**TASK DIRECTIONS:**
Could you give again exactly, and only, the lines from the one holding "Fuller 2-Light Bathroom" through the end of the data, both ends included, with pictures left out?

**DATA SHOWN:**
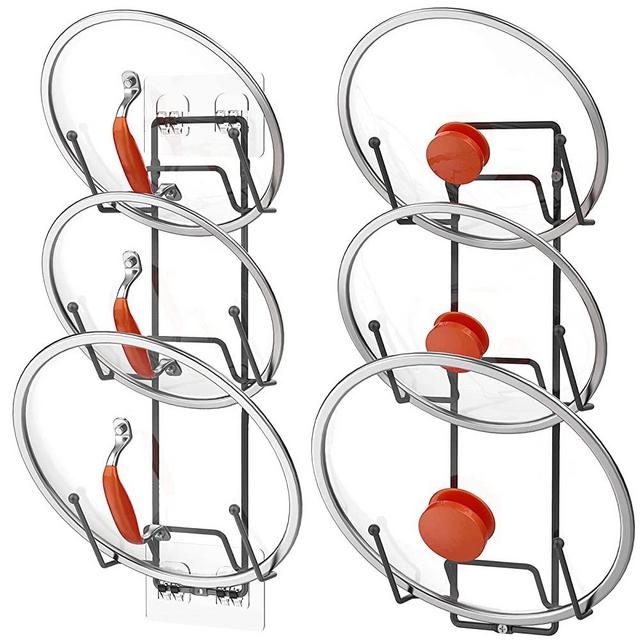VZINO 2 Pack Pot Lid Organizer Rack for Cabinet Door/Wall, No Drilling Adhesive Wall/Door Mounted Pot and Pan Lid Holder, Metal with Powder Coating, Black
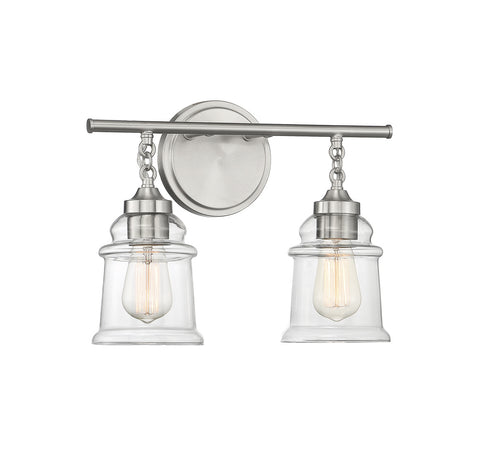 Fuller 2-Light Bathroom Vanity Light in Satin Nickel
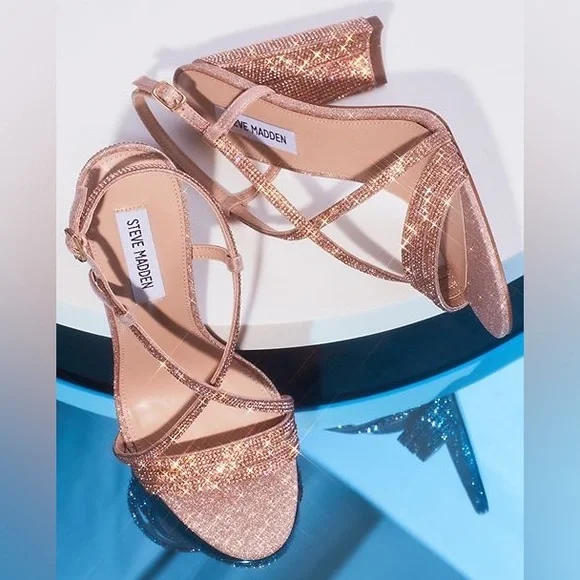 Steve Madden David’s Bridal Shirah Crystal Block Heels Size 5.5 Pink Rose Gold - Picture 10 of 10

**SOLUTION TO THE EXERCISE:**
 Fuller 2-Light Bathroom Vanity Light in Satin Nickel
 Steve Madden David’s Bridal Shirah Crystal Block Heels Size 5.5 Pink Rose Gold - Picture 10 of 10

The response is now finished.